Restart a Kubernetes Cluster in a Practical Way

As cloud-native technologies continue to gain momentum, developers are focusing more on transforming conventional applications into cloud-native applications, hoping to take advantage of the flexibility and scalability that cloud-native technologies like Kubernetes offer.

Powerful as Kubernetes is, it could still bring difficulties in practice. For example, it might be a puzzle when it comes to restarting a Kubernetes cluster. In this article, we'll look into how to restart a Kubernetes cluster in a practical way.

What is a Kubernetes Cluster

A Kubernetes cluster is a combination of nodes that run containerized applications. These nodes can be virtual machines if the cluster is deployed in a cloud environment, or physical machines if the cluster is running in an on-premises environment. A Kubernetes cluster includes at least one control plane and a number of worker nodes. The control plane exposes the Kubernetes API so that the worker nodes can communicate with the control plane.
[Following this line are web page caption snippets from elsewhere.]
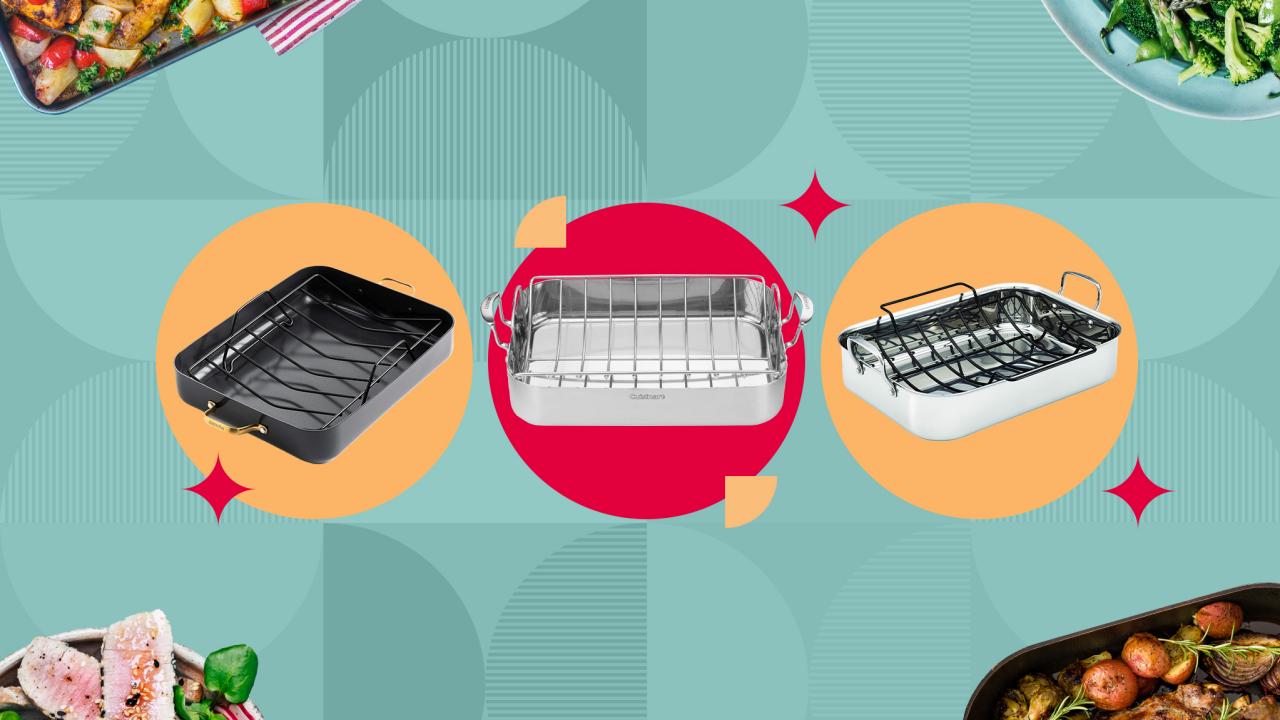 The 8 Best Dish Drying Racks of 2023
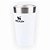 Copo Térmico de Cerveja Stanley Polar | 473ML - Imagem 3
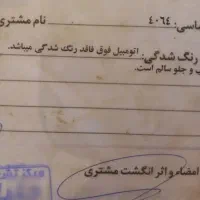 پژو پارس سال بیرنگ فروش معاوضه|خودرو سواری و وانت|تهران, دریاچه شهدای خلیج فارس|دیوار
As the control plane oversees the state of a Kubernetes cluster, worker nodes handles tasks assigned by it to actually run containerized applications in pods. Moreover, the pods are not tied to any specific worker nodes. Kubernetes can schedule them around the cluster according to the declarative YAML manifests to improve stability and efficiency. To learn more about the concept of Kubernetes cluster, see Cluster Architecture.

Restart a Kubernetes Cluster

This article assumes that you set up your Kubernetes cluster through kubeadm or KubeKey.
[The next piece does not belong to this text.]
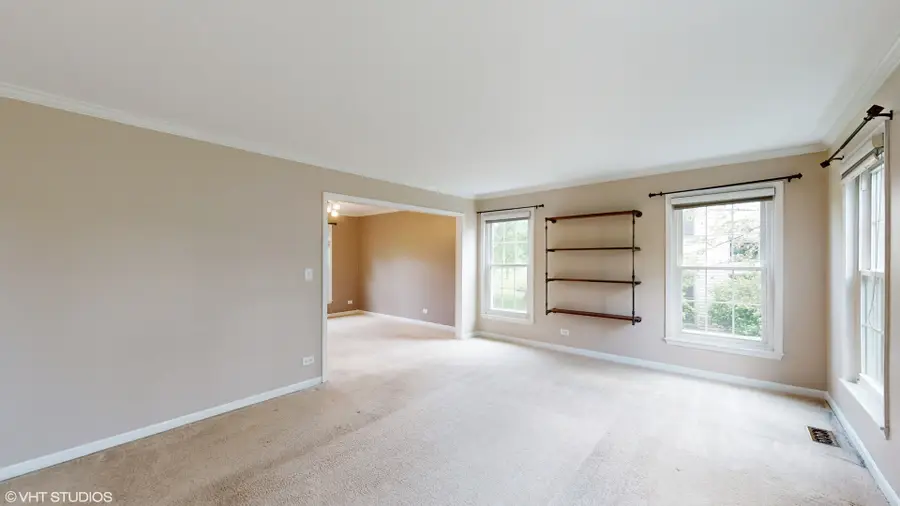 1465 Polo Drive, Bartlett, IL 60103 - #2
You have to make sure that you at least finish the backup for ectd before restarting your cluster, which would prevent you from the loss of critical data. Next, let's go into details about the process of restarting a Kubernetes cluster.

Shut down worker nodes

Connect to a worker node through SSH.

Run the following commands to stop pod scheduling and drain existing pods on the node.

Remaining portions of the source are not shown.